Advanced hybrid nonmetallic composite reinforcement for concrete structures

Abstract

During the last decades, fiber reinforced polymer (FRP) reinforcing bars for concrete structure has been extensively investigated and a number of FRP bars became commercially available. However, major shortcomings of the existing FRP bars are its low elastic modulus and high initial cost compared to conventional steel bars. The possibility to obtain a hybrid composite reinforcement (HCR) with increased performance based on glass and carbon fibers (GCFRP) is considered. The optimal content of carbon fibers in the amount of 6.3 − 6.5 % of the mass of the HCR was established.

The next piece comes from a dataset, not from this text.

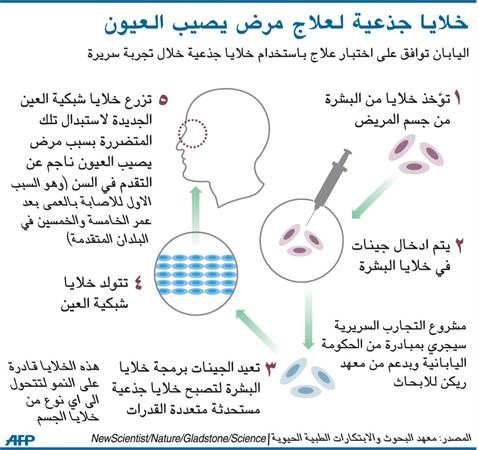 علاج للعمى بالخلايا الجذعية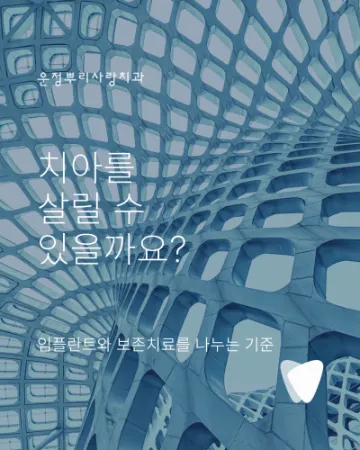 치아를 살릴 수 있을까요? 임플란트와 보존치료를 나누는 기준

Further increase in the carbon fiber content gives a slight improvement in physical and technical characteristics, which is not comparable to the increase in the cost of the material. The manufacturing technology of HCR has been developed. The effect of hybridization on tensile properties of FRP bars were obtained by comparing the results of tensile test with those of non-hybrid GFRP bars. Operation regularities of HCR in the bent concrete beams are established. HCR can increase the stiffness of concrete beams by 15 % and crack resistance by 12 % in comparison with glass composite reinforcement. Dependences for predicting the HCR elasticity modulus are established. Physical and technical characteristics of HCR, including adhesion to concrete and resistance to the alkaline medium, were established. High durability of HCR for more than 50 years is experimentally shown. Experimental-industrial concrete piles, reinforced with GCFRP bars were produced and tested. For further development, new types of HCR, as well as a study of prestressed concrete structures are recommended.